▶ **Task to carry out**:
Pull out every line below that holds the word "Fleece".

================

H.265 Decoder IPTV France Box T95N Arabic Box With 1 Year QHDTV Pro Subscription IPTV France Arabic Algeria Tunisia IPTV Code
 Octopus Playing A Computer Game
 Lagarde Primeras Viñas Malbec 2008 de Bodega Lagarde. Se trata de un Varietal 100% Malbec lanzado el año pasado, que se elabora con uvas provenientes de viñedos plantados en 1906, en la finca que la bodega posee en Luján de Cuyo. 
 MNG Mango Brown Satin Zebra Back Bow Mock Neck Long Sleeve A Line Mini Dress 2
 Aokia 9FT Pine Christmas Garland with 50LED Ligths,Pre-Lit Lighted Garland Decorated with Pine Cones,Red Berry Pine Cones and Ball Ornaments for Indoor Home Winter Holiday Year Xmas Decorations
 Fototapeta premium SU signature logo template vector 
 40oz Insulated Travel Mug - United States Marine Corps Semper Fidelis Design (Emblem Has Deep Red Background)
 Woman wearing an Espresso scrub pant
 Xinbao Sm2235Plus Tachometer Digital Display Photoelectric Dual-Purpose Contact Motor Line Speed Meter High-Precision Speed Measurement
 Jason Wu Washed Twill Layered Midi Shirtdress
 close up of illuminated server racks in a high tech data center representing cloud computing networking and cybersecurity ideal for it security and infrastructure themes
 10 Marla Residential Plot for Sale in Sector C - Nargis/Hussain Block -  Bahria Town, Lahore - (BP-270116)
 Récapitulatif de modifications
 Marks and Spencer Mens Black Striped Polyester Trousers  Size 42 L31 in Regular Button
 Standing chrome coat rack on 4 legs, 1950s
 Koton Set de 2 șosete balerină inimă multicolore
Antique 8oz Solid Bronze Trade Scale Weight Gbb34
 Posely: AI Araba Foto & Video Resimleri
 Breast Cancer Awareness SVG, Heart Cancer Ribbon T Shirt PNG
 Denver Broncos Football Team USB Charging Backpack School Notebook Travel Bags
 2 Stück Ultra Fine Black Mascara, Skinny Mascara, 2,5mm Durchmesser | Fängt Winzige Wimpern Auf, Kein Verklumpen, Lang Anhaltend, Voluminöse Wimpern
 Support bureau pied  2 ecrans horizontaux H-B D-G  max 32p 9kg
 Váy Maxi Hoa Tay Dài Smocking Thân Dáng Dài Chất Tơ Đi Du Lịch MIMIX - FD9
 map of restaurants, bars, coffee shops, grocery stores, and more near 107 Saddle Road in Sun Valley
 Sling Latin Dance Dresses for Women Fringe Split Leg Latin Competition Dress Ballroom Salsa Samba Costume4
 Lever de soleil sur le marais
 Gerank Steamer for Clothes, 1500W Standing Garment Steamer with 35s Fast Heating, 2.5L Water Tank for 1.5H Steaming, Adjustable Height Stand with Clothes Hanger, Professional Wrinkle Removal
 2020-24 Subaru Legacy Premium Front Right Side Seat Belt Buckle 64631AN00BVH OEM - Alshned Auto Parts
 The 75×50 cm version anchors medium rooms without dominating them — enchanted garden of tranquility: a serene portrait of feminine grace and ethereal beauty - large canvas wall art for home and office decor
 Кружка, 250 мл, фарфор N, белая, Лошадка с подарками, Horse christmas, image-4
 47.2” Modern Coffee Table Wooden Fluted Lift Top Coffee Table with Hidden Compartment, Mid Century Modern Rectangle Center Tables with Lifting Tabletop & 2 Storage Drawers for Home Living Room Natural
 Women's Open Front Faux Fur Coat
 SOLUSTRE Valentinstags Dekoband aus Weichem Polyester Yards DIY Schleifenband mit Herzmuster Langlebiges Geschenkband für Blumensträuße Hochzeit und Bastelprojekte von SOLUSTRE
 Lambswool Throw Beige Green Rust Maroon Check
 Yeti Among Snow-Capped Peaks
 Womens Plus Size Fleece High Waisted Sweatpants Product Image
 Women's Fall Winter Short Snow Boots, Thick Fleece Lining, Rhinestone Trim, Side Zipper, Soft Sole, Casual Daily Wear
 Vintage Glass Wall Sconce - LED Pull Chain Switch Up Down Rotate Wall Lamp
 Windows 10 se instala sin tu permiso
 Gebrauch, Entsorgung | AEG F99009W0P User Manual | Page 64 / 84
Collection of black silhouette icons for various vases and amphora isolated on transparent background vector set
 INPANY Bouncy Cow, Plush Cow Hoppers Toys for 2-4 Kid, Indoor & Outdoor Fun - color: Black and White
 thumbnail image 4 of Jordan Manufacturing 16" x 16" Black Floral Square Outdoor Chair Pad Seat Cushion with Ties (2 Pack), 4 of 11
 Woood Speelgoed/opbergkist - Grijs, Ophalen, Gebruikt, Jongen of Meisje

================

▶ **Result below**:
 Womens Plus Size Fleece High Waisted Sweatpants Product Image
 Women's Fall Winter Short Snow Boots, Thick Fleece Lining, Rhinestone Trim, Side Zipper, Soft Sole, Casual Daily Wear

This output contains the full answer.